Das geht einher mit der zunehmenden Bedeutungslosigkeit der Kirche in Europa. Mit der Rute der Missbrauchsskandale werden die Episkopate abwechselnd durch die Gassen und medialen Kanäle getrieben. Mal in Irland, mal in Deutschland, mal in Frankreich, demnächst vielleicht auch in Spanien, Italien oder Polen.

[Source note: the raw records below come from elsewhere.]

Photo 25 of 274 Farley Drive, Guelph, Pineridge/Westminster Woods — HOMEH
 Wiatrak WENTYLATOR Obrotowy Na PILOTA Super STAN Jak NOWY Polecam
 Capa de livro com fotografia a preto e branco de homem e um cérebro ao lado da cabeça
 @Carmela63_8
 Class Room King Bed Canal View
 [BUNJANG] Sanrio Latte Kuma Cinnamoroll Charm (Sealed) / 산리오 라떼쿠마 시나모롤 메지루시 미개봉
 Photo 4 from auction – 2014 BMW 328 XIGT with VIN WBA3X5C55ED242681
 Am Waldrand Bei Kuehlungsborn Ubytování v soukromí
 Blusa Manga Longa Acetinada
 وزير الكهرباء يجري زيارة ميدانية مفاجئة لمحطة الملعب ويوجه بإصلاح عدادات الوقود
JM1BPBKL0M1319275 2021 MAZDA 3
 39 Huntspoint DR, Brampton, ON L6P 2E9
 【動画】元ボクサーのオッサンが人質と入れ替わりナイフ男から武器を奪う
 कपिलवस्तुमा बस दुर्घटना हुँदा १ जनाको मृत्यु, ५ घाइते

Europa, du bist alt geworden

Das christliche Europa stand geeint gegen den Kommunismus. Aber aus seinem Anti-Kommunismus hat das Christentum keine Kraft bezogen. Es ging ihm wie der "Democrazia cristiana" in Italien, die stramm antikommunistisch war, aber mit dem Ende des italienischen Kommunismus selbst zerfiel. Das christliche Europa hat nicht gelernt, so wie es die Vision von Johannes Paul II. war, aus zwei Lungen zu atmen, einer westlichen und einer östlichen. Beide Lungenflügel zerfrisst der Krebs. Den östlichen der Nationalismus, den westlichen der Hedonismus, der nicht zuletzt darin seinen Ausdruck fand, dass sich Kleriker zwecks Lustgewinn an Knaben vergriffen.

Europa, du bist alt geworden, so die Diagnose von Papst Franziskus. Die Frischzellenkur kann nur aus der Mitte der Heiligen Schrift und der Offenbarung kommen. Für neue Formen von Gemeinschaft, in denen das intellektuelle und tugendhafte Leben weiterleben kann, warb der Philosoph Alasdaire MacIntyre in seinem Buch "Der Verlust der Tugend" und prägte den berühmten Satz: "Wir warten nicht auf einen Godot, sondern auf einen anderen, zweifelsohne völlig anderen heiligen Benedikt". Der Boden ist bereitet. Aber es wird nicht genügen, einfach gegen etwas zu sein. Der Neuanfang muss schon ein positiver sein. Was eigentlich zur DNA des Christentums gehört.